The statement on preparing the General Purpose Federal Financial Report was requested by the Defense Department back in August 2016 as it was preparing for departmentwide financial audits.
In permitting “certain modifications and disclosures at both the component reporting entity level and at the governmentwide level,” its main conclusion was to allow “financial presentation and disclosure to accommodate user needs in a manner that does not impede national security.”
That permits modifications to budget documents if the changes do not affect net results of operations or a program’s net position.
Most important, some critics noted, the statement “allows a component reporting entity to be excluded from one reporting entity and consolidated into another reporting entity, and the effect of the modification may change the net results of operations and/or net position.”

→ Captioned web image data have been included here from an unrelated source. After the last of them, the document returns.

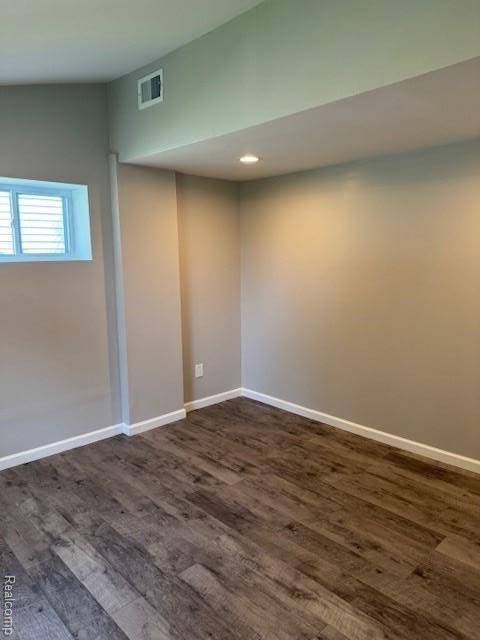 Farmington Hills, MI 48336,29311 ROCKCASTLE Street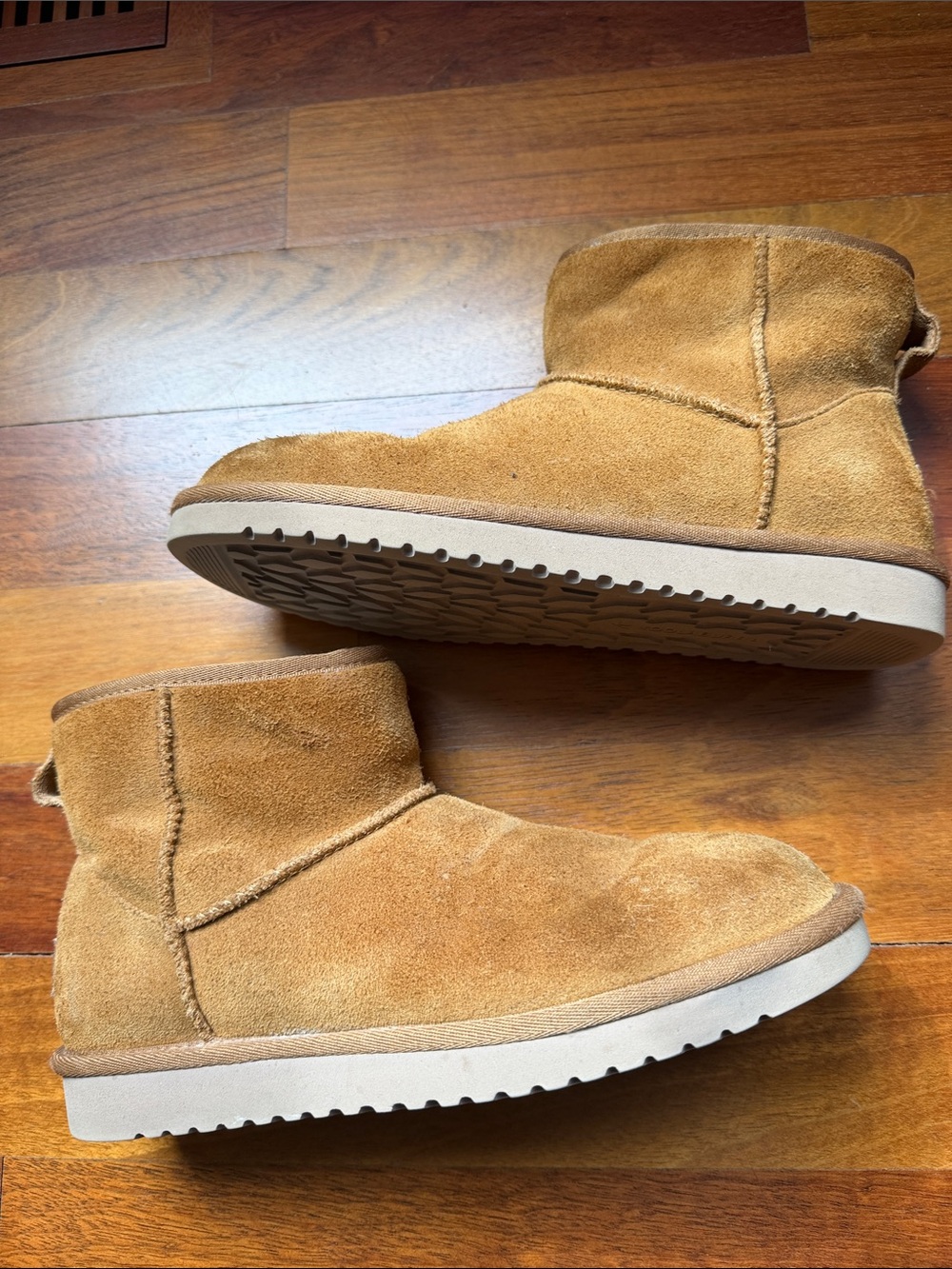 Koolaburra by Ugg Chestnut Suede Ankle Booties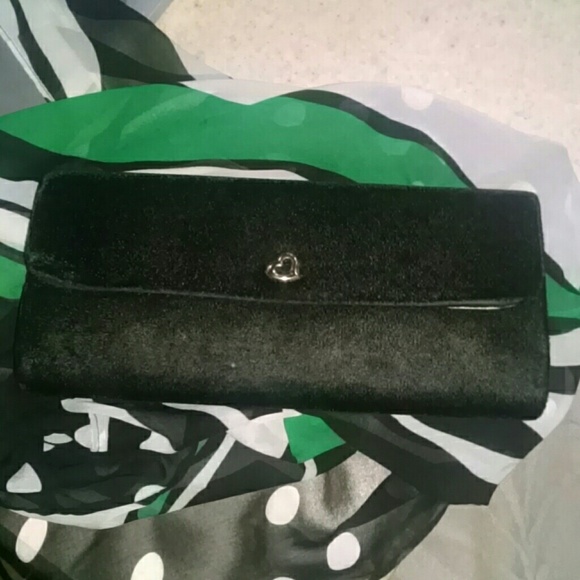 BIG SALE NWOT VELVET VICTORIA'S SECRET CLUTCH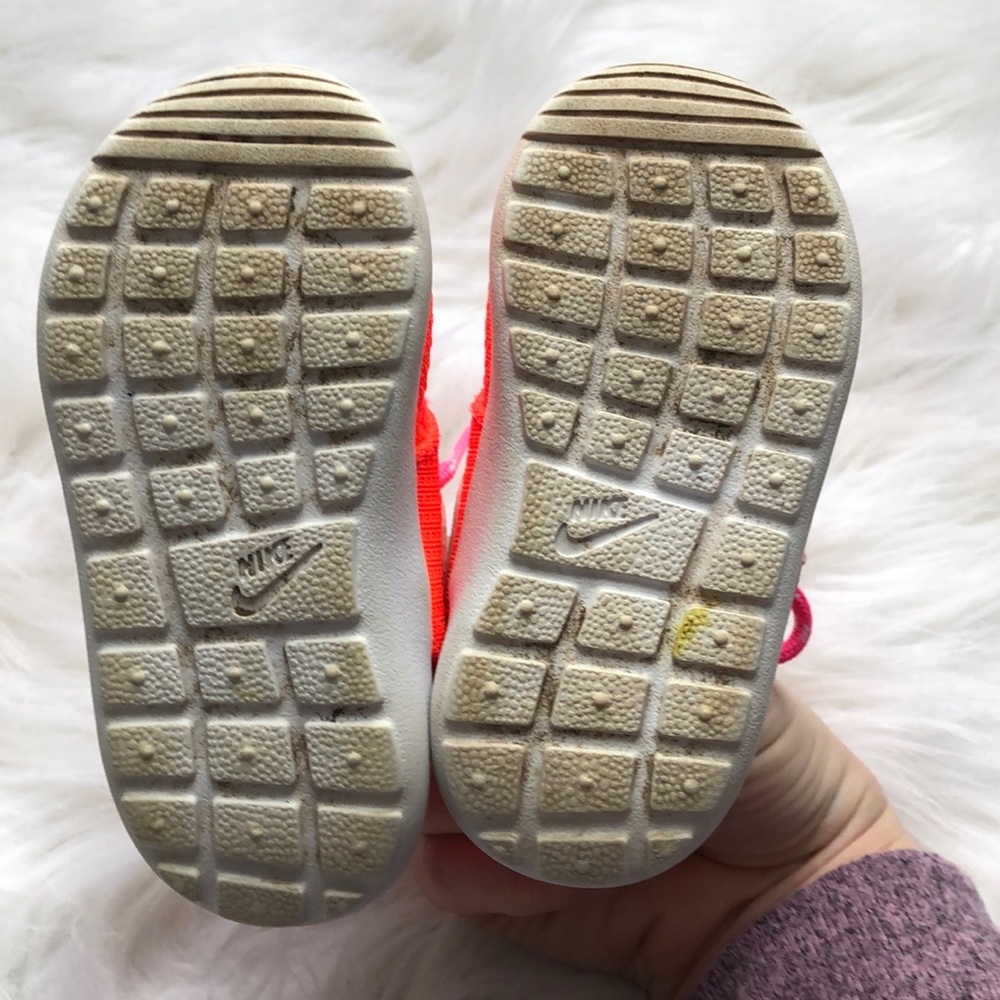 5C Nike sneakers - Picture 5 of 6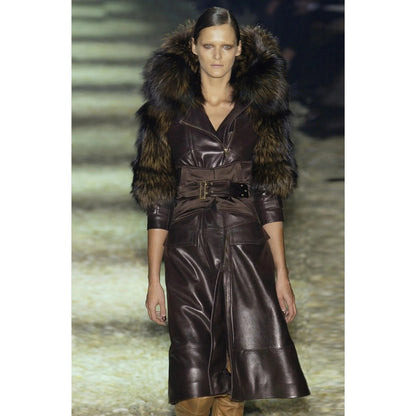 Gucci by Tom Ford FW 2003 - Fox fur and leather corseted coat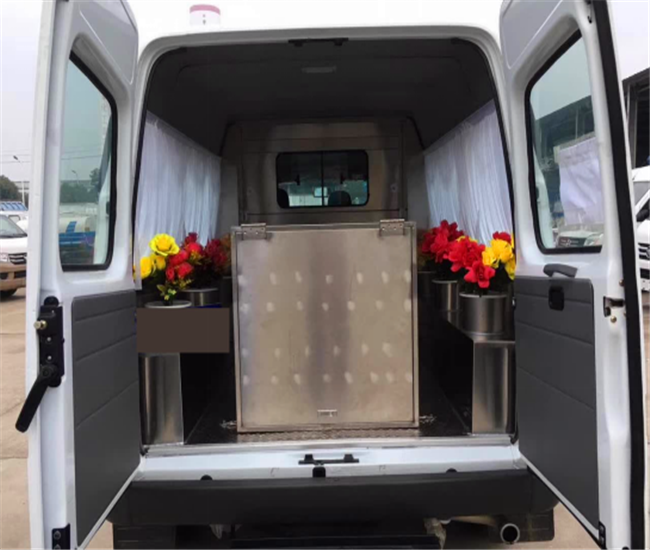 福特v348新世代長軸殯儀車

Modifications of reporting standards are allowed to “prevent the disclosure of classified information,” the guidance said, but future actions should be guided by the statement so that reporting entities would be allowed to “issue unclassified, publicly available financial statements that comply with accounting standards.”
The advisory board in late July and early August held a pair of classified reading sessions confined to agency stakeholders with clearances and “a need to know.”
But the publicly released draft prompted Steven Aftergood, the secrecy specialist who blogs for the Federation of American Scientists, to complain in an Aug. 15 post that the new move by FASAB would allow agencies to “shield” classified programs in a “potentially misleading way.”
Scouring the published comments, he noted that the highly secretive CIA was notably pleased with the new flexibility, arguing “the protection of classified information and national security takes precedence over financial statements.”
But the DOD inspector general disagreed, warning that the new approach “jeopardizes the financial statements’ usefulness and provides financial managers with an arbitrary method of reporting accounting information.”
Also reacting negatively was the nonprofit Project on Government Oversight, which published a critique on its website headlined, “The Pentagon’s New Stealth Bookkeeping.”
“Lots of CIA spending used to be hidden in the Pentagon budget, and it’s still there—but we can’t find it anymore,” a veteran Capitol Hill budget specialist told POGO. He is worried that "the proposed accounting tweak will give the Pentagon free rein to use its so-called ‘unsupported adjustments’—known colloquially as ‘plugged figures’—that have long been used to mask Pentagon spending, dubious and otherwise.”
After it undergoes final tweaks, the statement is scheduled for approval in October by the FASAB’s sponsors—the Treasury secretary, the Comptroller General and the director of the Office of Management and Budget.